Learning overview

Common Statistics in UX Research

Joline
5 min readNov 7, 2023

*Notes on Measuring UX

Descriptive statistics

In UX, some common descriptive statistics are useful for interpreting data. Central tendency is a single representative number for a set of values. Common measures are mean, median, and mode. Variability quantifies how much data are dispersed across a range of values. Common measures are range, variance, and standard deviation.

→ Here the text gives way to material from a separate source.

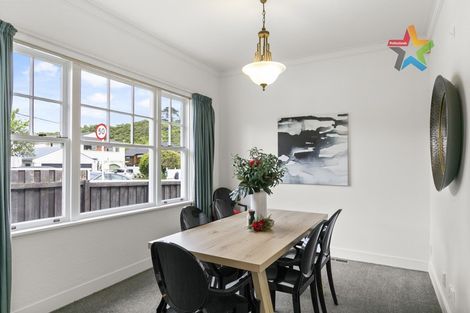 Photo of property in 284 Karori Road, Karori, Wellington, 6012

  • Range helps identify outliers.
  • Variance describes the spread of data relative to the mean.
  • Standard deviation, having the same unit as the original data, is easier to interpret than variance (The square root of the variance returns the standard deviation). We often use standard deviation to identify outliers and anomalies in datasets and compare different datasets to learn if one dataset is more spread out. If the standard deviation is small, the data points stay close to the mean and are more precise.
Excel functions:
Standard deviation: STDEV.S()
Variance: VAR()
Square root: SQRT()

Confidence intervals estimate the range of values that likely contain the true population value for a statistic. For example, when we calculate the mean of a dataset with a 95% confidence level, it signifies a 95% confidence that the mean contains the true population mean. Thus confidence intervals around the mean will show the range of values that I’m 95% certain will include the true population mean. The confidence intervals, determined by factors such as sample size, standard deviation, and the chosen alpha level (alpha level=100%-confidence level | usually 5% or 10%), are often displayed as error bars in charts. Each error bar shows if the observed result actually reflects the characteristics of the data. It explains how reliable the observed result is. If the error bar is small, the data points are less spread around, thus the observed results are more reliable. If the error bar is large, the data points are more variable from the mean, thus the observed results are less reliable. Moreover, error bars show how likely there is a significant difference between datasets. This is indicated by the extent of overlap between error bars. If the error bars do not overlap, it’s a clue that the difference may be significant. We can run a statistical test to further evaluate our assumption.

Excel functions:
Confidence intervals: CONFIDENCE(alpha,sigma,n)

Resources:

Confidence Interval Calculator

Add, change, or remove error bars in a chart in Excel

Comparing means

When comparing means, it’s important to consider whether we are dealing with the same sample or independent samples. We use paired samples t-tests if the study involves the same group of users to compare two conditions. We use the independent samples t-test when comparing the means of two different user groups. For more than two user groups, Analysis of variance (ANOVA) is used.

If we test 2 design versions on the same sets of users, we are comparing means for the same subjects. For example, we could be comparing an initial rating and a final rating from the same users to learn about the effect of a design update. Or we might collect users’ task success rates on an old web page and a new version after the UI is improved. The paired samples t-test will determine if there is a significant difference in metric results before and after the design update. If the confidence interval for the two means does not include 0, it indicates a significant difference.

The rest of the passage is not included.